For something more permanent, try covering a thin sheet of plywood or hardboard with white paper or, for a more reflective surface, aluminium foil.
There's a simple rule where reflectors are concerned: the bigger they are, the softer the light. Some professionals use reflectors that are 2m high and 1m wide. However these aren't very portable, which is why the collapsing types made by Lastolite are so popular.
Fill-in flash is a technique that seems to strike terror into the heart of many photographers. But with a modern camera the technique is a doddle. In fact, on many compacts and SLRs fill-in flash is now handled automatically for you - with the camera's metering system measuring the ambient light and then giving a short burst of flash to give an overall balanced exposure that looks perfectly natural.
If you have an older camera, where you need to operate the flash manually, simply read off the film speed of the flash two stops higher than it really is. So if you're using ISO100 film, refer to the ISO400 scale and use the suggested aperture for the subject distance you're shooting. This will fool the flashgun into giving a low-powered burst of flash that will lift exposure without overwhelming it.
Using a reflector or fill-in flash also allows you to experiment with the position of your subject in relation to the sun, making a wide range of creative results possible.
As a general rule, you don't want the sun behind you when shooting people, because your subject will be staring straight into the sun and squinting unpleasantly when it's too bright.
Side-lighting, with the sun hitting your subject from just one side, gives much more tone and modelling, especially if you use your reflector to bounce light back into the shaded side of the face.

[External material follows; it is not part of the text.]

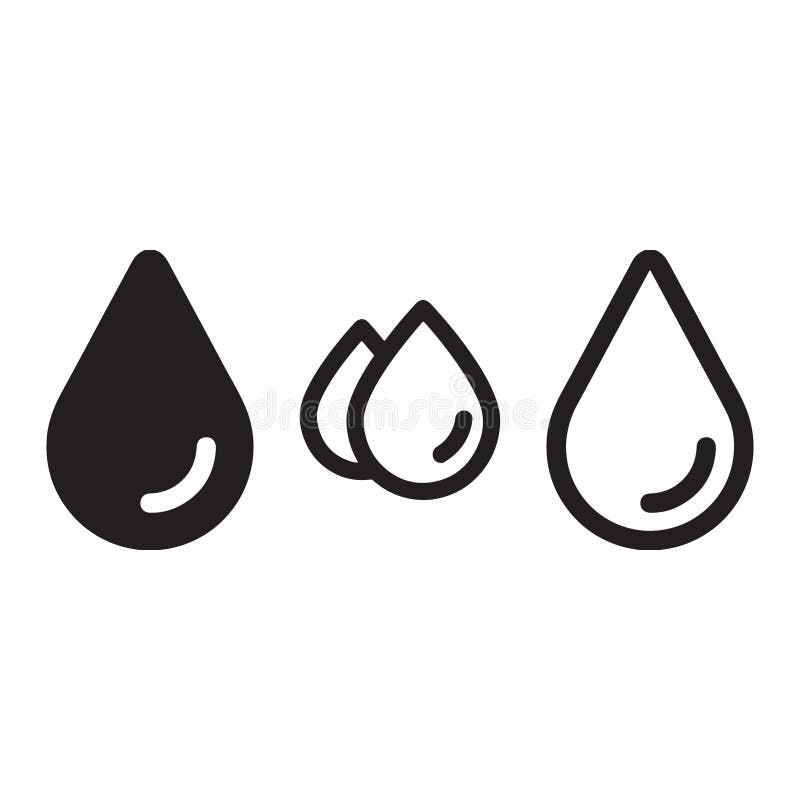 Set Of Various Black Water Drop Icons On White Stock Vector ...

For even more dramatic results, try shooting into-the-sun, or contre-jour, as it's generally known. If you leave things to the meter, you'll get a dramatic silhouette. Or if you use your reflector or flashgun you'll leave them surrounded by a golden halo of light, but with a normally exposed face. Absolutely beautiful!
A far better kind of light for portraits is the type you get on a bright sunny day with light cloud. As the clouds pass over the sun, they soften and diffuse it, producing a very pleasing light that's directional, but not harsh - very much like that produced by a studio softbox. The resulting soft shadows make the light perfect for a wide range of subjects, including landscapes and many types of nature work. It's the sort that wedding photographers long for, allowing them to retain detail in both the highlights of the bride's dress and the shadows of the groom's suit. The only real disadvantage is that it doesn't offer the same degree of colour saturation that the brightest sunlight does, but it makes up for this in terms of texture and tonality.

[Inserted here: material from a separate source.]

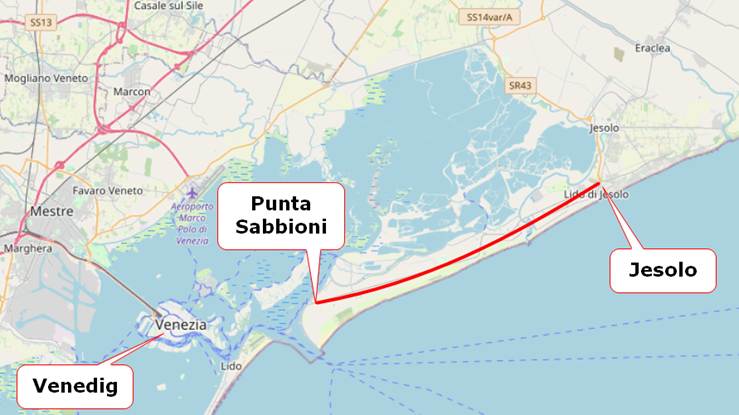 Die Anreise mit Ihrem PKW nach Punta Sabbioni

Days when the sun is covered by thicker cloud produce a very diffused light that can result in pictures lacking bite - because there are few shadows. This is not the weather to shoot buildings or landscapes, but used carefully and matched to the right subject it can be wonderful. This is the time to get out and shoot still-lifes and close-ups, especially of subjects such as flowers. If you're to record the maximum amount of detail in a close-up you need soft light such as this.
For other pictorial subjects, you really need bright colours to ensure the shot works. Look out for subjects with primary colours such as red, yellow or blue. You may also need to fit a warm-up filter, such as an 81A or 81B, to counteract the cool light that's prevalent on such days.
The worst light of all comes on days when it's heavily overcast. There are no shadows at all, light levels are poor, and the light is often extremely blue in tone. This is not a good time to take pictures - you might just as well toss your film straight into the bin. On such days you'd be better staying at home and editing your pictures or just take time out to enjoy the scenery looking for good locations to shoot when the light's better.